A fourth-generation Sonoma County rancher, he grew up on a dairy and chicken farm in Cotati and since has dedicated himself to the industry that was responsible for putting Petaluma on the map in the early 1900s.
Riebli has stepped up to fill the much-needed role of the representative and advocate for the egg industry of Northern California. He recently returned from a four-day trip to Washington, D.C., working to convince the powers that be that successful egg production, on any scale, can and should be achieved with animal welfare firmly in mind.
Here in Petaluma, he and his partners at Sunrise Farms produce a million eggs each and every day of the year, providing 90 percent of the eggs consumed in all of Northern California. Riebli credits the ability to adapt and fierce dedication to the Petaluma ranching lifestyle for his business surviving the many changes it has undergone since the egg industry's heyday of the late 1940s.
Laws recently passed concerning the poultry industry were "deeply frustrating" to Riebli because, as he explains it, they were motivated by heavy doses of political correctness but were severely light on practical application.
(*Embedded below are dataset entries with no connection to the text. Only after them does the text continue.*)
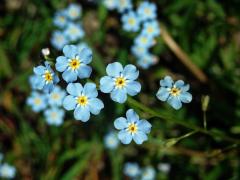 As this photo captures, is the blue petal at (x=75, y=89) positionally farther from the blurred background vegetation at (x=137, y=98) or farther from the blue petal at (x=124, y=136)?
the blurred background vegetation at (x=137, y=98)

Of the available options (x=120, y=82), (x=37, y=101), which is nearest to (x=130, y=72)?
(x=120, y=82)

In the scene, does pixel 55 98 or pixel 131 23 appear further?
pixel 131 23

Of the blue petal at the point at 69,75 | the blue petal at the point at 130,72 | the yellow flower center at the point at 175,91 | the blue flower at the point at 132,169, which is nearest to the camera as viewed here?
the blue petal at the point at 69,75

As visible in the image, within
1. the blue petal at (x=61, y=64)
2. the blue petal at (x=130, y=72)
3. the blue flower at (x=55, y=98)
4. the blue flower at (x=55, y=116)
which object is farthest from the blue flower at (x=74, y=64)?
the blue flower at (x=55, y=116)

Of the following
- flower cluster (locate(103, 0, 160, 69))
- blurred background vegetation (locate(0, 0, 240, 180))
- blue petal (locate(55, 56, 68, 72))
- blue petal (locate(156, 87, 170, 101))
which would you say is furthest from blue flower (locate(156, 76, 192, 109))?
flower cluster (locate(103, 0, 160, 69))

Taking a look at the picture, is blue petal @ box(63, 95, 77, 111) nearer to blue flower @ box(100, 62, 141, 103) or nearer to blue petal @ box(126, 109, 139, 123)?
blue flower @ box(100, 62, 141, 103)

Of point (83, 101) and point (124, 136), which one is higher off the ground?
point (83, 101)

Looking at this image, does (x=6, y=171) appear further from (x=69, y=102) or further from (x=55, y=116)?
(x=69, y=102) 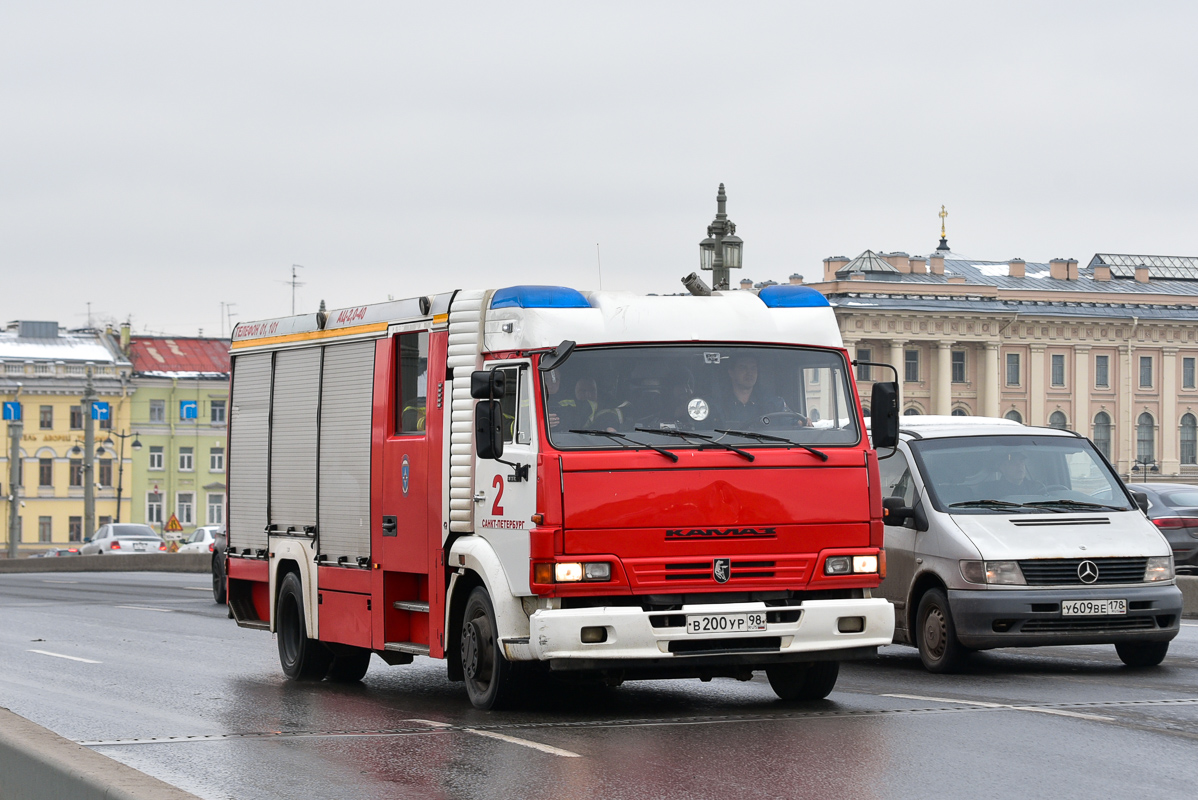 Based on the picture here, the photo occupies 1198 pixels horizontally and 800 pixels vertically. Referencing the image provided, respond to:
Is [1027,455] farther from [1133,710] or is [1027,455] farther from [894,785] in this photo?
[894,785]

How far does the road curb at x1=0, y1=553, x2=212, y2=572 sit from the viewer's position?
4734cm

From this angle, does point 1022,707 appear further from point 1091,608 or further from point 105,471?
point 105,471

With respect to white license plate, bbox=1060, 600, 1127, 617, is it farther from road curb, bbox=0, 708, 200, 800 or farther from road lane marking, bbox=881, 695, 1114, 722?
road curb, bbox=0, 708, 200, 800

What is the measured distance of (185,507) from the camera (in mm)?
112250

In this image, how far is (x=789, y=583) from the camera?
34.7ft

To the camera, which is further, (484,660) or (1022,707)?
(484,660)

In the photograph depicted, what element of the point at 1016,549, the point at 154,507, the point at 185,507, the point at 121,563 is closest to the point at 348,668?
the point at 1016,549

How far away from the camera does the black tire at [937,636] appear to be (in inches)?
527

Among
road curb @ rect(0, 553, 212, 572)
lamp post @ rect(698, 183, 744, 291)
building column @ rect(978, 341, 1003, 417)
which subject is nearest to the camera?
lamp post @ rect(698, 183, 744, 291)

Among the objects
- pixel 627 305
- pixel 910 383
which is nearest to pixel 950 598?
pixel 627 305

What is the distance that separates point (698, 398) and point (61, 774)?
4.95 m

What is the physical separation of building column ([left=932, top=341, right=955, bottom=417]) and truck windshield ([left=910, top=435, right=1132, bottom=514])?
106m

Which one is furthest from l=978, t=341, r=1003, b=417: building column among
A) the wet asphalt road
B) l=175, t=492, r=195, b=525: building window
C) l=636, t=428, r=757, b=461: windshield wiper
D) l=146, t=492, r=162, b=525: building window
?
l=636, t=428, r=757, b=461: windshield wiper

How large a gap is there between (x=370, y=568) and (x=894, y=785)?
18.3ft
But as Riebli says, "Folks have to eat. Sooner or later, people will realize that food is not produced in the backroom of the local grocer." He saod 219,000 people get added to the world's dinner table every night. "That's 80 million a year. Currently the political mechanism is in the way, and if it stays that way, the world will face severe shortages in the near future."
Backing his conviction that "this country's greatest asset is our youth," Riebli has lent his considerable knowledge and boundless energy to the Chamber's Petaluma Youth Ag Day. Passing the ranching tradition and all that it entails on to future generations has been part of hiss lifelong agenda.
Arnie Riebli is living proof that business can take the high road and that an ethically responsible direction can translate to profit — economic profit and cultural profit for any community with its eye on a wholesome future.